Yeah I don't see what was so bad about anything I said.

If a nazi prick gets punched in the face, I will laugh at them.

If a fat fucko wears a shirt that says "fuck white people", making fun of their physical appearance is absolutely on the table.
 

Dankster Morgan

she don’t call me daddy she call me Grandmaster
that person is much better then the nazi. she is fighting against white privilege. the nazi is fighting for white supremacy. pretending these 2 are the same undermines how dangerous white supremacy is
"Fuck white people" is different than fighting against white privilege lmao, I don't want white privilege, but I'm not going to say fuck white people cause I'm not an idiot.

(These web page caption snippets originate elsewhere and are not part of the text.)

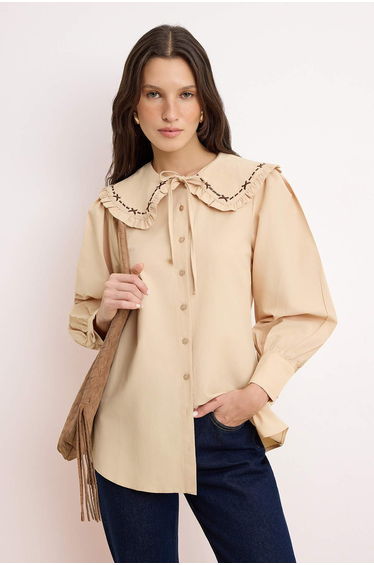 Light Beige Regular Terrycotton Plain Woven Collar with Embroidery Detail Hijab Shirt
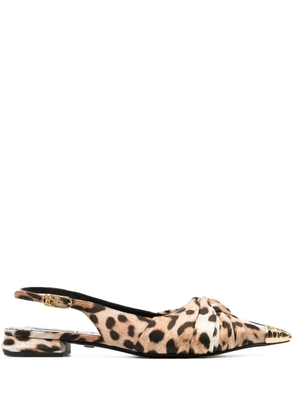 Roberto Cavalli Pettegole leopard-print slingback ballerinas - Neutrals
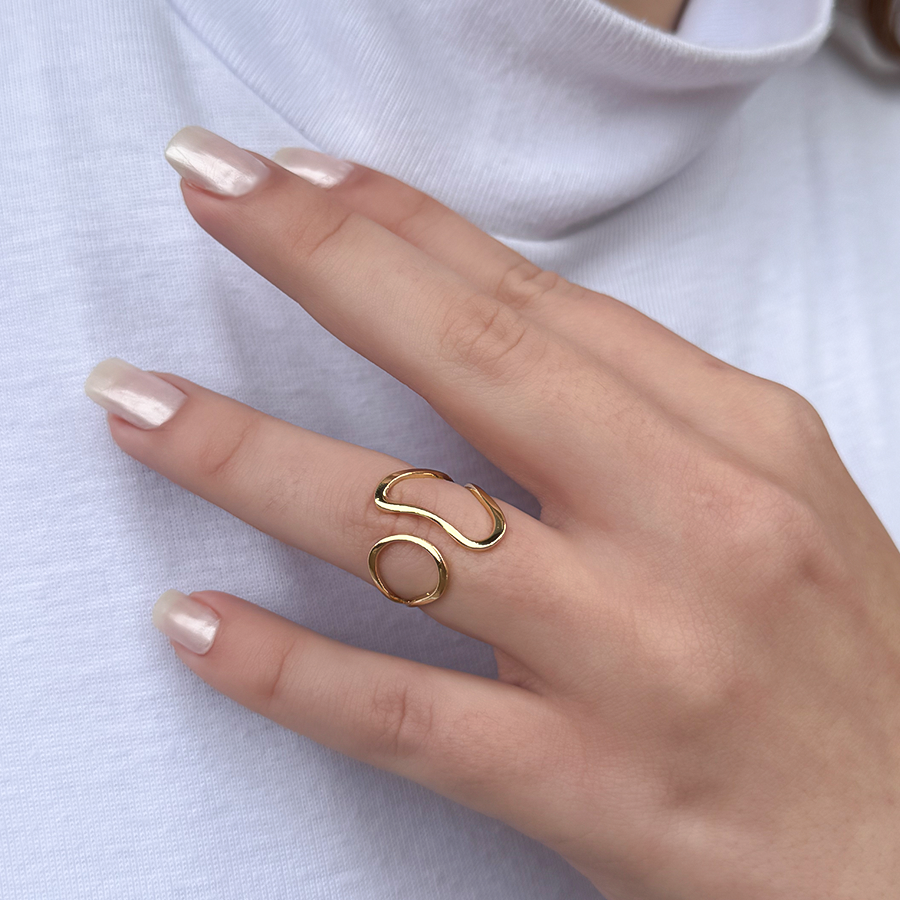 Anel Regulável Orgânico Vazado Folheado a Ouro 18k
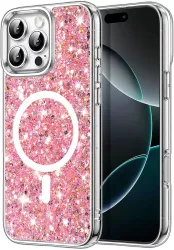 Husa pentru iPhone 16 Pro Max - Techsuit Sparkly Glitter MagSafe - Pink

Also she will accomplish nothing, I don't see how that will combat white privilege at all. It does nothing to help her goals if they truly are pure.
 

Baconlord

Proud follower of the church of Cetrion
"Fuck white people" is different than fighting against white privilege lmao, I don't want white privilege, but I'm not going to say fuck white people cause I'm not an idiot.

Also she will accomplish nothing, I don't see how that will combat white privilege at all. It does nothing to help her goals if they truly are pure.
I agree that saying fuck white people does really do anything. in fact it's a harmless statement that doesn't impact white people at all. that is why we should not compare it to what a nazi is doing because his ideology actually causes real harm to people.